** Opening Data segment block **

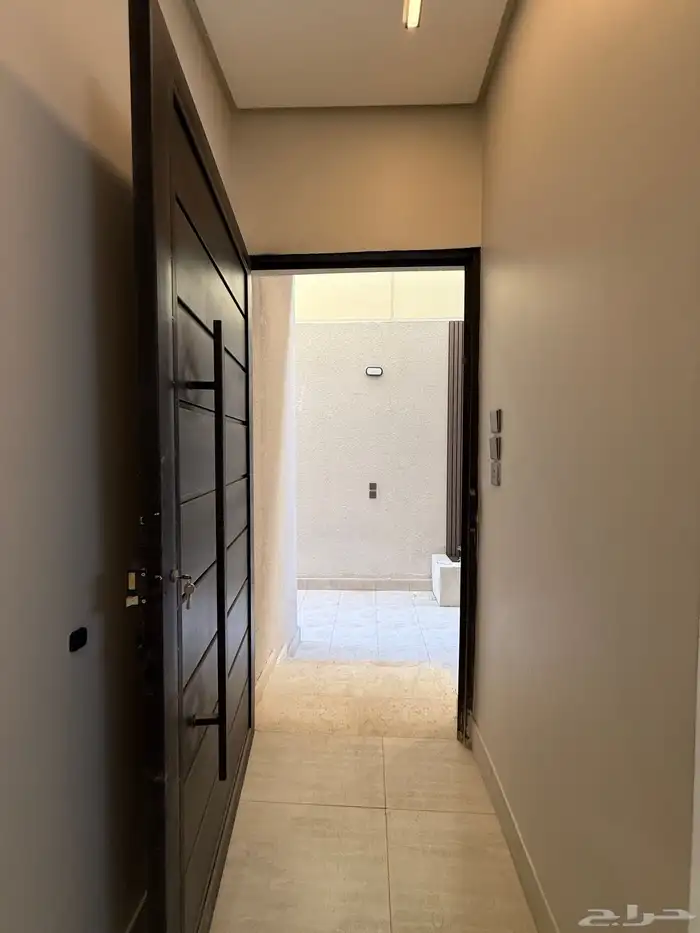 للبيع شقه ارضيه ببايكة سيارة حي المصيف مقابل نادي ضمك 11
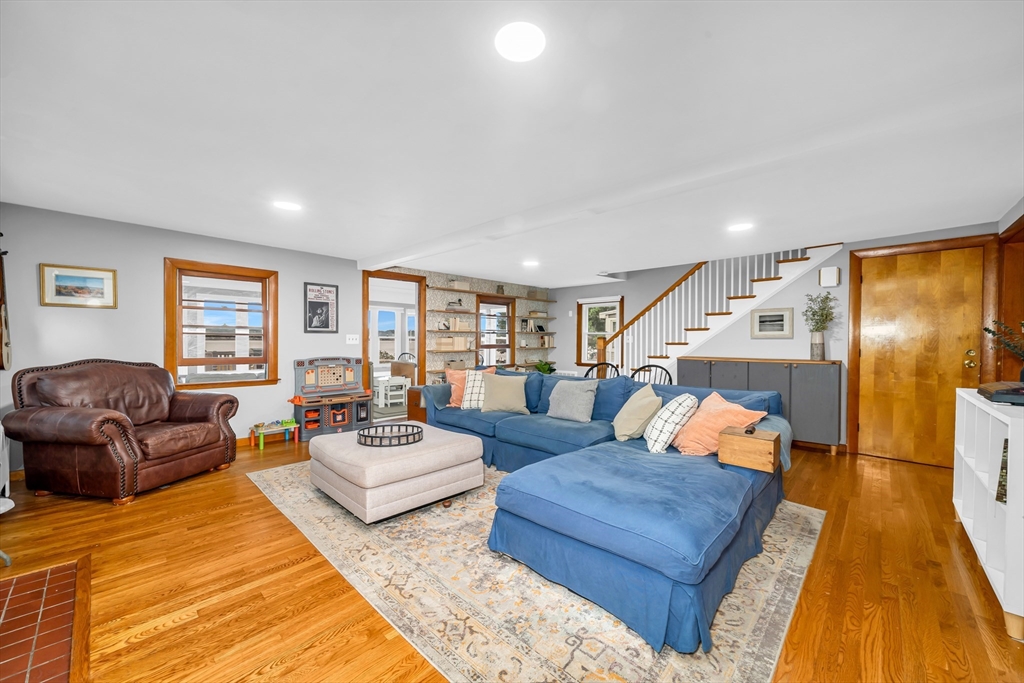 8 Lake Attitash Road Amesbury, MA 01913 - Photo 6 of 37 Gallery Image 6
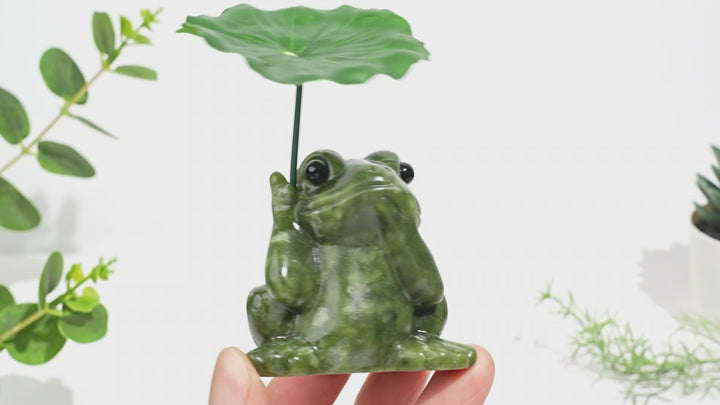 Natural Serpentine Pond Frog With Lotus Umbrella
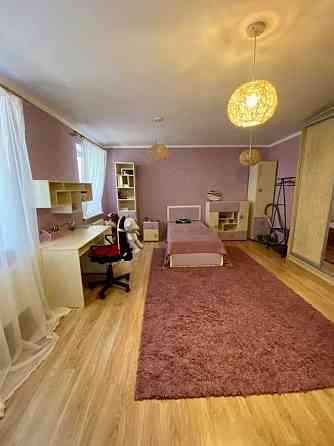 Оренда великої трикімнатної квартири-студії по вул. Корольова Черкаси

** Closing Data segment block **

▸ What the task asks
Set the preceding data down again word for word, omitting images.

▸ Response to this exercise
 للبيع شقه ارضيه ببايكة سيارة حي المصيف مقابل نادي ضمك 11
 8 Lake Attitash Road Amesbury, MA 01913 - Photo 6 of 37 Gallery Image 6
 Natural Serpentine Pond Frog With Lotus Umbrella
 Оренда великої трикімнатної квартири-студії по вул. Корольова Черкаси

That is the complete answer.